There are three ways to increase aggregate demand:
1)”Prime the pump”–transfer wealth from the private economy to the public and then redistribute.
2) Have the central bank print more colored green paper.
3) Cut taxes.
Numbers one and two have been tried and we have little to show for it. Jan. 1, 2011 will be very interesting when taxes bump up again.
With less people working and paying taxes (the real unemployment rate is closer to 17% IMHO), those that are working will have to take up the slack with more taxes to pay for all the promises made by the political class. Somebody needs to stop shoveling before the hole gets too deep.

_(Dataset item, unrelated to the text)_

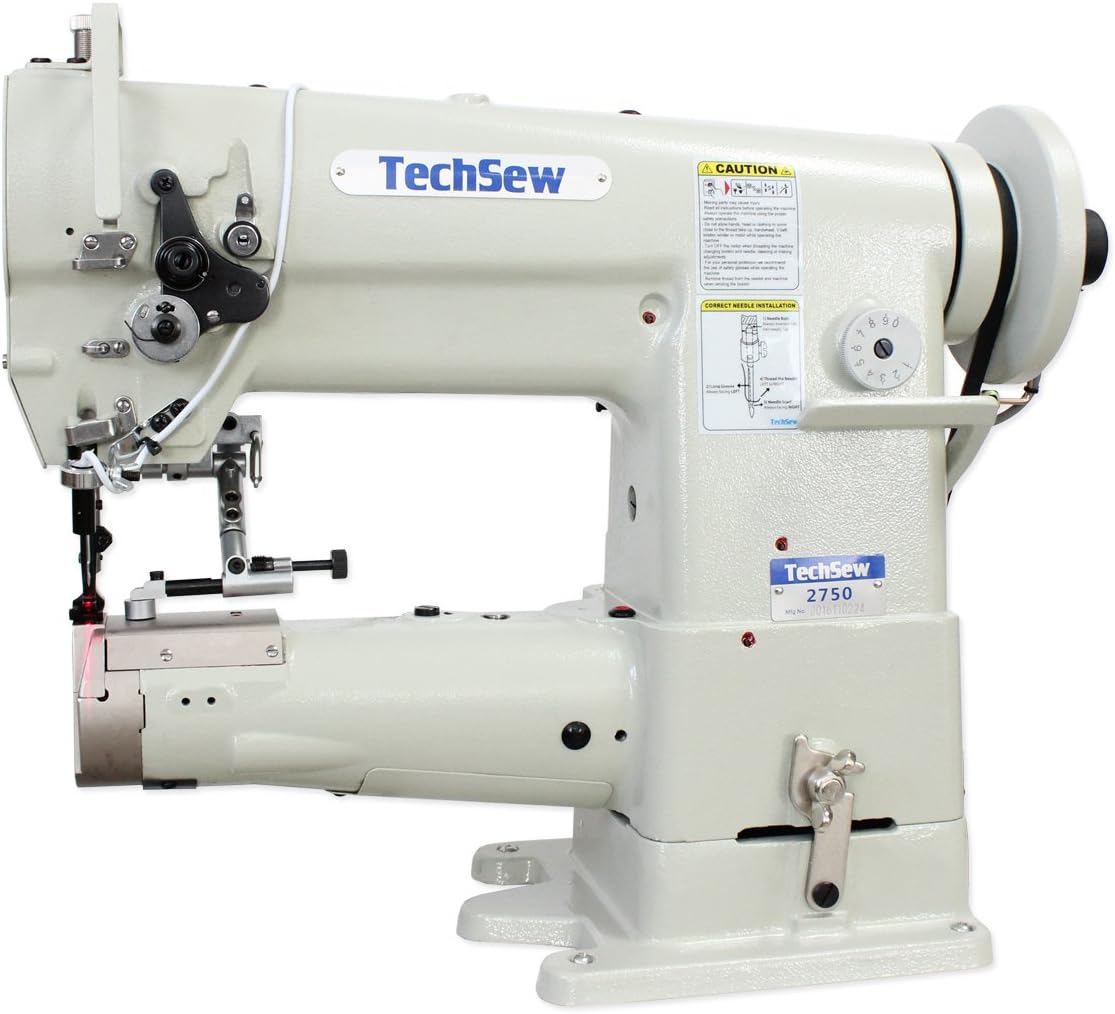 TechSew 2750 PRO Leather Walking Foot Industrial Sewing Machine with Assembled Table & Servo Motor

I have noticed on many liberal blogs of late an unmistakable air of denial on how policies by the Obama administration has essentially hurt our economic recovery. Instead, they have tried desperately to find an answer for the lack of job growth and the precipitous economic recovery. Some say that the stimulus wasn't enough, others say that this sluggish, limping growth is the "new normal" because of competition from China, Brazil and India---developing nations with economies that are half the size of the U.S. economy combined! (The total GDP of Brazil is roughly the GDP of the state of Texas!) I've even seen posts praising the Obama administration for saving us from the Great Depression (by the mastery of Tim Geithner!) that would have surely followed if a stimulus would not have been passed; this, of course, ignores the sad fact that the stimulus was essentially a giant wealth transfer scheme that pushed off the inevitable reckoning which fast approaches.
I am convinced that many of these liberal bloggers refuse to see the coming economic storm and the failure of Obama's interventions into the economy because it is simply too psychologically painful to admit that their man was wrong or that liberal fantasies of wealth distribution will not make us more prosperous. So it continues.